Меня как обухом треснуло!

— Да что вы? Как, каким манером?!..

— Отец Иван их у церкви встрел, да за собой по тропке с горы и повел. А склизко было — все как есть они и посорвались да в полынью и попадали… пьяные, понятно! Только один уцелел, вот он; сам сейчас объявился!

И выпихивают вперед малого лет двадцати; на нем ряса черная, из огромнеющего кармана четверть с водкой торчит, в руке за спиной митру архиерейскую держит, прячет, значит: стыдится! Сам весь бледный, без шапки, волосы ершами торчат…

— Ты видал вчера отца Ивана?… — спрашиваю его.

— Я! — отвечает.

— А допрежде знавал его?

— Нет. Люди сказали, что то он был. Маленький такой, седой, с бородкой реденькой!

А народ на нас наседает кругом.

— Да не держи зря!.. — галдят. — Допусти до горницы, пущай удостоверится!

Отворил я дверь. Залец сразу битком людьми набился; креститься все начали.

Подошел комсомолец к покойнику, глянул на него.

— Он! — выговорил. Да как рухнет перед ним на пол в земном поклоне, как заплачет!

Подкатило и у меня к горлу; вижу, что нельзя и мне потаить того, что видал! Так и так, заявляю, братцы!.. вот чему я свидетель этой же ночью был!

Господи ты мой, что тут поднялось — плач, вопли; руки, ноги у отца Ивана лобызали!., похороны какие необыкновенные были!

Коммунисты хотели не допустить их, да уж куда тут было — народу, может быть, тысячи сошлись! А комсомольцев целых два дня из воды баграми вылавливали, пять возов тел наклали и увезли. Ряженые все были — кто Саваофа изображал, кто патриарха, кто Богородицу и жандармов пьяных… воистину свиньи тивериадские!..

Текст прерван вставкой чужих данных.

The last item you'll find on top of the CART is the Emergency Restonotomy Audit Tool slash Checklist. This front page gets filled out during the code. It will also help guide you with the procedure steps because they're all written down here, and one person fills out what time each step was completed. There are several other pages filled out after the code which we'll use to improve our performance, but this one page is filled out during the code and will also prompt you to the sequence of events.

Вот и рассудите — сон то был, или еще что? А я резюме вывел такое — не понимаем мы, а в смешном-то часто святое таится! — Он замолчал и задумался.

* * *

Из-под края мрачных облаков блеснул алый шар заходившего солнца; нежданно наступил час Страшного Суда: — и земля и небо вдруг вспыхнули в стихийном всеобщем пожаре. Низко висевшее небо превратилось в изрытый свод чудовищной раскаленной пещеры: с него струями хлынуло расплавленное золото; весь воздух заполнился путаницей из бесчисленных нитей — хлопьями повалил снег.

Зрелище было необычайное и недолгое; пурпур и багрец стали бледнеть, зажелтели и залиловели просветы, снегопад прекратился; первой погасла, отодвинула дали и захолодела земля; снежная пелена на ней сделалась розовой, потом посинела. Последними померкли кресты церковки.

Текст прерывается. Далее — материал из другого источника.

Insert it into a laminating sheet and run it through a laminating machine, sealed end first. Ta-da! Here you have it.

Я хотел спросить своего соседа о дальнейшей судьбе дьячка Ермилыча и оглянулся, но его уже не было: грузная фигура философа мерно шагала по завечеревшему белому пустырю к слободке.

Рига, 1927

Кресло Торквемады

Я каждое воскресенье встречался с Мошинским на Подоле, в Киеве. По этим дням обширная площадь около Братского монастыря и проулок, ведущий к Днепру, превращались в шумную ярмарку, где за треть цены можно было приобрести все, что угодно; ближе к тротуарам теснились ряды столиков и брезентов, разостланных прямо на земле; на них грудами лежали книги, рукописи и всякие старинные вещи; публика вокруг них толпилась своя, особенная, «серьезная».